Some have said that this was simply the greatest jazz group of all time. Miles Davis on trumpet, John Coltrane on tenor sax, Cannonball Adderly on alto sax, James Cobb on drums, Bill Evans on piano, and Paul Chambers on bass. Wynton Kelley also plays piano on one track. This is definitely an album that I think even the most pedestrian of listeners can enjoy. Quite simply, the songs are gorgeous and the playing is stellar. It is definitely an album that you can come home to after a long day, dim the lights, lay back and just chill. At the time, songs like "So What" and "Flamenco Sketches" were new and fresh because they were more modal. Here is an excerpt by Miles himself from his autobiography.

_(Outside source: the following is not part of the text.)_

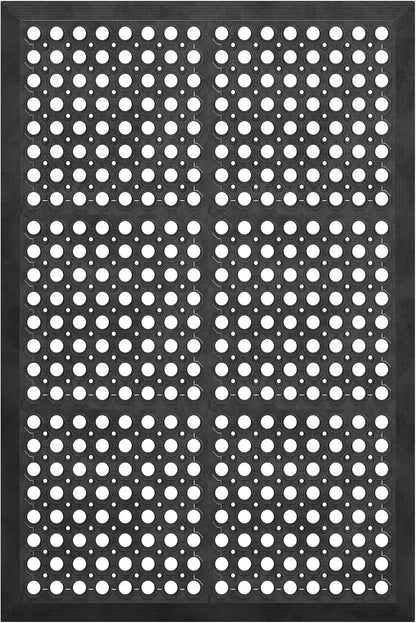 Ottomanson Waterproof Rubber Outdoor Doormat – Heavy-Duty Non-Slip Rubber Floor Mat with Ridge Scraper Pattern, All-Weather Front Door Entry Mat for Mud & Dirt Control – 24" x 36", Black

"Kind of Blue also came out of the modal thing I started on Milestones. This time I added some other kind of sound I remembered from being back in Arkansas, when we were walking home from church and they were playing these bad gospels. So that kind of feeling came back to me and I started remembering what that music sounded like and felt like. That feeling is what I was trying to get close to. That feeling had got in my creative blood, my imagination, and I had forgotten it was there. I wrote this blues that tried to get back to that feeling I had when I was six years old, walking with my cousin along that dark Arkansas road.
I didn't write out the music for Kind of Blue, but brought in sketches for what everybody was supposed to play because I wanted a lot of spontaneity in the playing, just like I thought was in the interplay between those dancers and those drummers and that finger piano player with the Ballet Africaine. Everything was a first take, which indicates the level everyone was playing on. It was beautiful." - Miles Davis
This album has certainly influenced countless musicians in all genres and it is certainly one of the biggest selling jazz records of all time.